Monday, October 13, 2008

UNBELIEVABLE EXPERIENCE

Dear All Alumni,

Sebenarnya sulit mengomentari keadaan sekarang di mana pasar
dalam keadaan panik yang luar biasa dasyat. Tidak pernah terbayangkan
sebelumnya dan jauh melampaui ambang batas rasional. VIX (Volatilitas
Index) yang menjadi "barometer ketakutan pelaku pasar" berkali-kali
mencetak rekor baru yang tidak pernah terjadi dalam sejarah. Umumnya VIX
di bawah 20 melambangkan kepercayaan yang tinggi dari para investor.
Semakin tinggi angka VIX menunjukkan ketakutan yang semakin tinggi. Sejak
tahun 2004 sampai menjelang akhir tahun 2007, VIX paling-paling hanya
mencapai 20, maksimum 25. Rekor tertinggi VIX adalah 57 - 61, yaitu pada
tahun 1998 saat krisis Asia, dan tahun 2001 saat Serangan Teroris yang
merubuhkan gedung kembar WTC di New York. Minggu ini VIX berlomba-lomba
menorehkan rekor baru. Dari 62, 63,64.....,70! Kemudian 71, 72, bahkan
sudah menembus 75!! UNBELIEVABLE!!!

Krisis ekonomi yang belum pernah terjadi dalam beberapa
generasi ini, sekarang mulai dibandingkan dengan krisis ekonomi
tahun 1930-an, yang dikenang dengan Era Great Depression. Peraih nobel
ekonomi Joseph Stiglitz mengatakan krisis saat ini benbentuk "L", artinya
tak jelas kapan pulihnya. IMF pun terpaksa mengakui dunia kini memasuki
sebuah penurunan aktifitas yang serius dan di ambang kejutan ekonomi
paling berbahaya sejak depresi besar.

Bursa Efek Indonesia (BEI) sampai harus ditutup mendadak (juga pertama
kali dalam sejarah) sejak tanggal 8 Oct sesi I mulai pukul 11.08 WIB
karena hancurnya Indeks Harga Saham Gabungan (IHSG) yang anjlok hingga
10,38% dalam beberapa jam.
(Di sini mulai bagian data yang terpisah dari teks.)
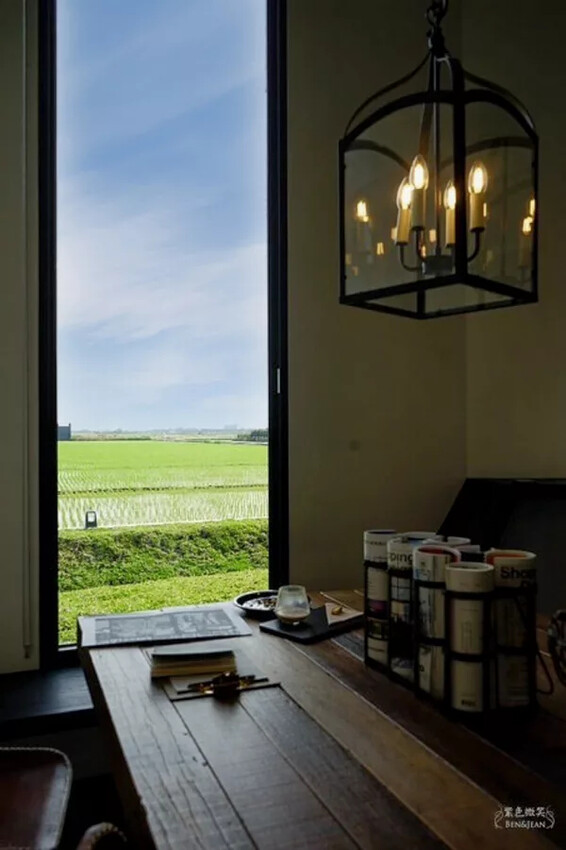 宜蘭縣頭城鎮黑宅咖啡Black House》隱身鄉間黑色外牆獨特與品味兼具的咖啡館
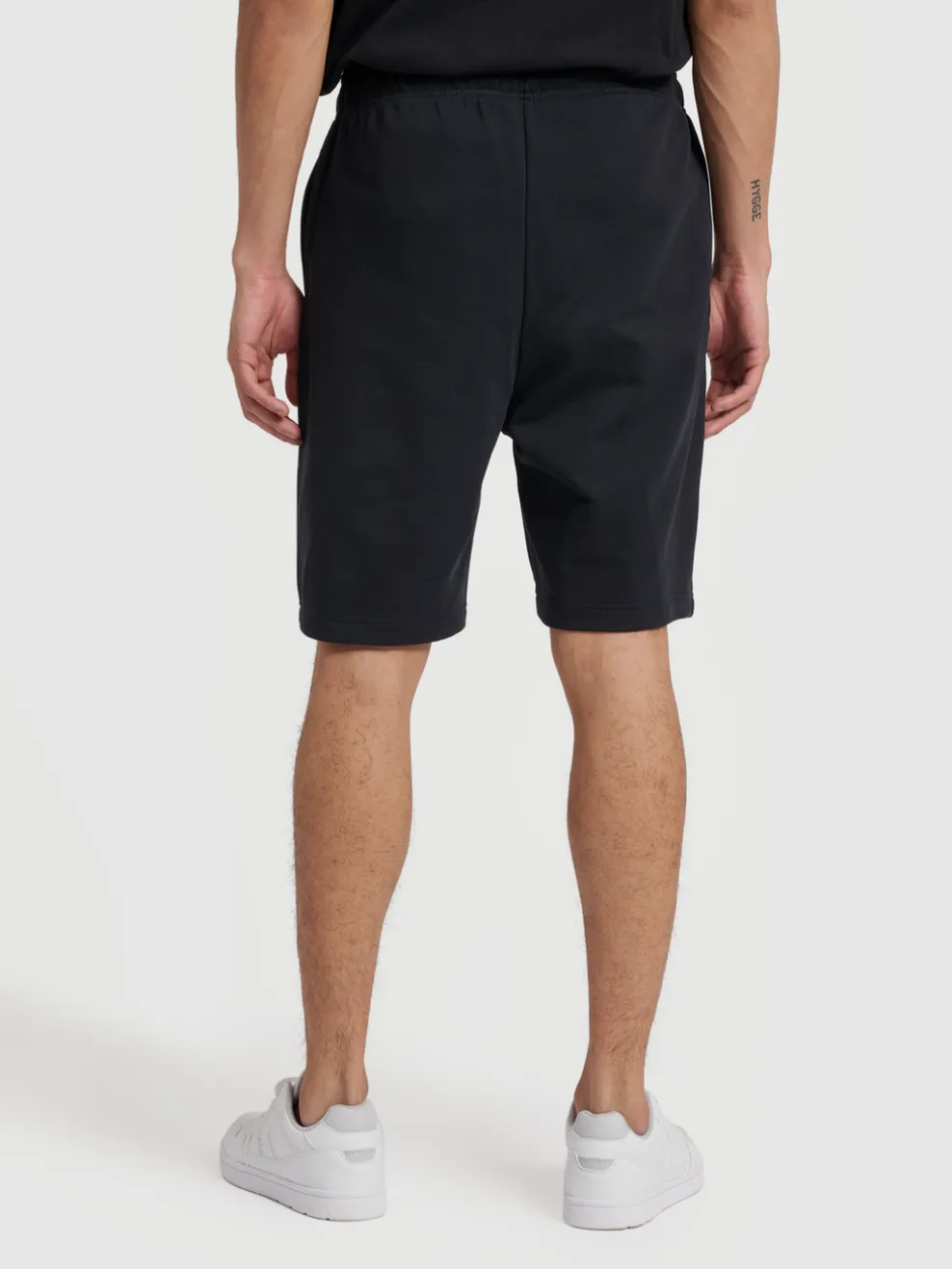 hmlHIVE WADE SWEATSHORTS
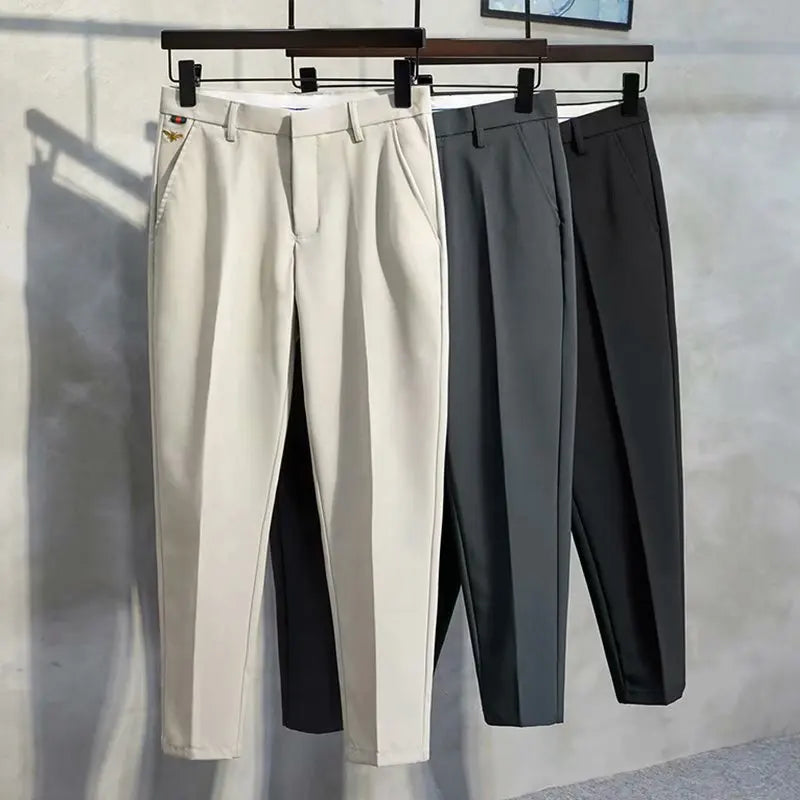 Pantalon décontracté pour hommes, broderie d'abeille,endances, Style fin, Style britannique, à jambes droites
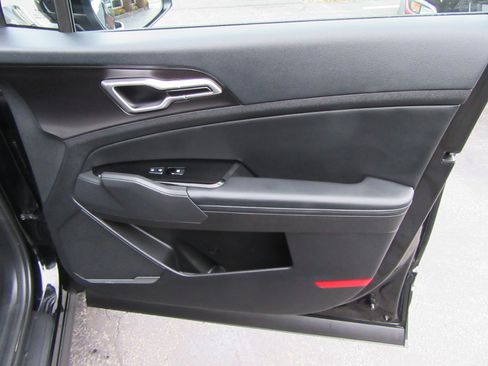 Used 2025 Kia Sportage EX image 67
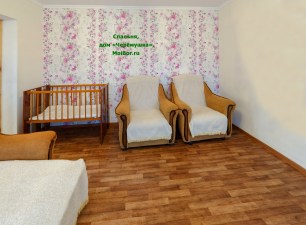 Вторая спальня с детской кроваткой, Черемушка Бузулукский бор
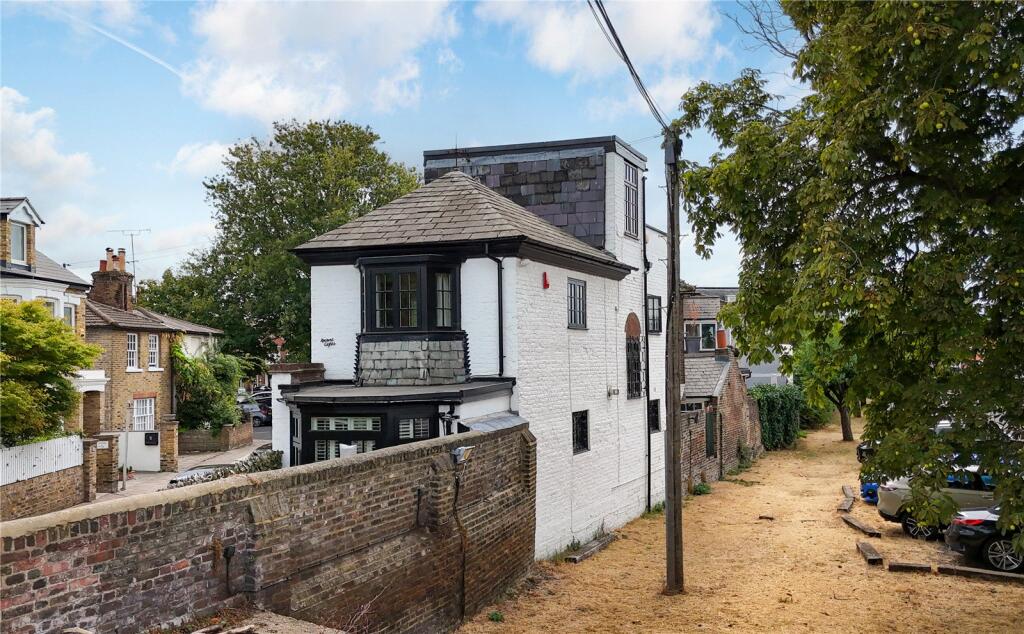 Main image of property: Kew Foot Road, Richmond, Surrey, TW9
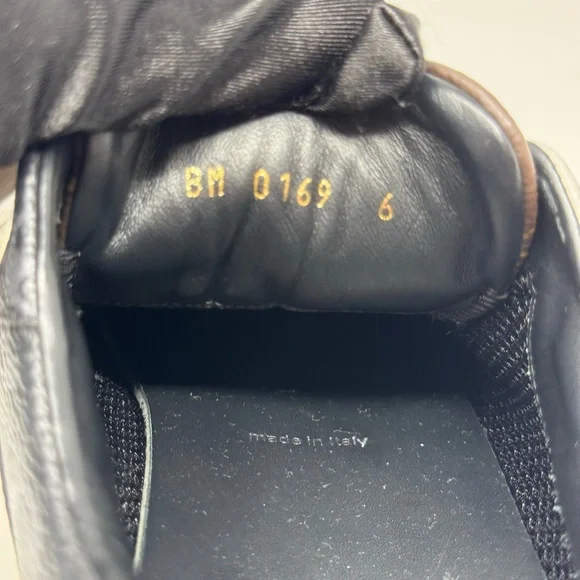 💯 Authentic LOUIS VUITTON Run Away Sneakers Monogram Size (6 Men) Multi Colors - Picture 6 of 8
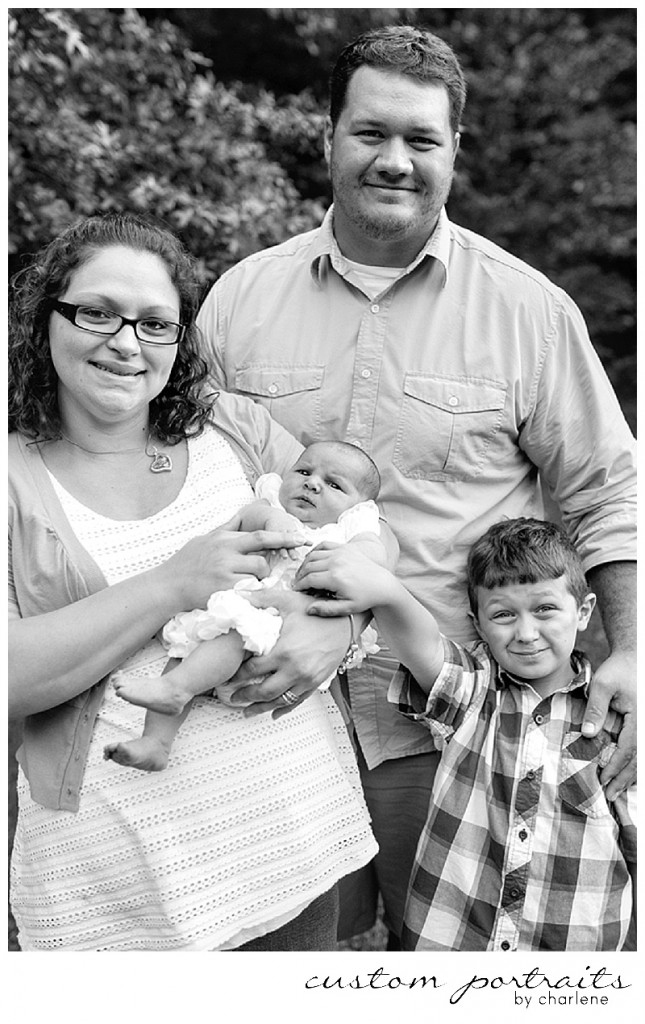 pittsburgh family photographer lifestyle newborn session outdoors family portrait session newborn family pose ideas custom portraits by charlene (2)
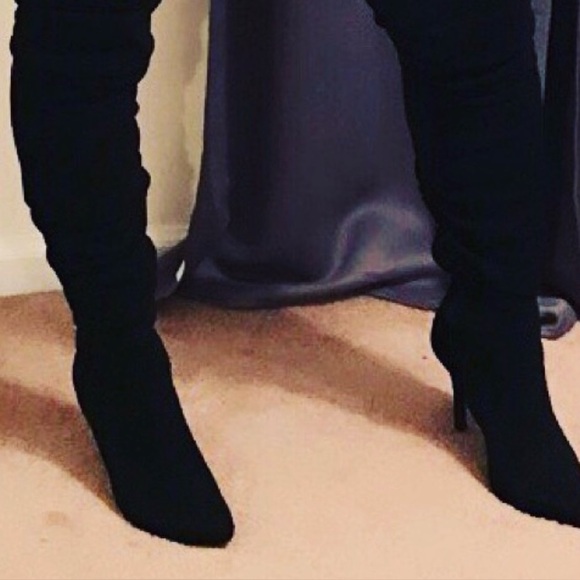 Elegant Black Over-the-Knee Boots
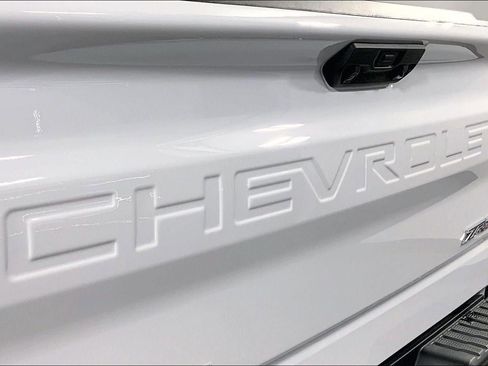 Used 2025 Chevrolet Silverado 1500 ZR2 w/ Technology Package AWD/4WD image 30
Sebelumnya pasar saham pernah tutup hanya
karena force majeur akibat peledakan bom. Direktur BEI, Erry Firmansyah
mengungkapkan bahwa kondisi ini sudah "irasional". BEI yang hari Jumat 10
Oktober 2008 mestinya sudah beroperasional kembali karena memang sudah
terlanjur diumumkan oleh Pihak otoritas, terpaksa terus ditutup. Meskipun
pihak otoritas harus menghadapi tekanan berbagai pihak, mereka tetap belum
membuka kembali bursa. "Hal ini ditempuh untuk mencegah kehancuran lebih
jauh lagi..." kata Direktur Perdagangan BEI MS Sembiring. Langkah
penghentian aktifitas bursa sementara (suspend) Indonesia mengikuti jejak
Brazil, Rusia dan Islandia.

Warren Buffet yang baru menginvestasikan USD 8 milyard ke GE
(General Electric) dan GS (Goldman Sachs) beberapa hari lalu sekarang
menghadapi paper loss milyaran dollar di kedua perusahaan itu saja, karena
GE dan GS terus merosot. Saham perusahaan Warren Buffet yang perkasa di
harga $147.000 / lembar pada tanggal 19/9/08, dalam beberapa hari
kehilangan nilainya lebih dari 30% (menuju $90.000/ lembar). Orang terkaya
di planet ini saat diwawancara media massa sempat berkomentar bahwa "Ini
adalah Tsunami Financial! Salah-salah saya bisa menjadi penjual koran
kembali jika tidak segera teratasi, candanya." Orang terkaya no. 12 dunia
versi majalah Forbes 2008, Sheldon Adelson, pemilik Casino Las Vegas Sand
(LVS) juga harus rela kehilangan sekitar 30% kekayaannya senilai $5
milyard karena saham LVS juga mengalami imbas yang cukup parah akibat
krisis ini. Mungkin tidak ada satupun investor atau negara adidaya
sekalipun yang lolos dari krisis finansial global kali ini.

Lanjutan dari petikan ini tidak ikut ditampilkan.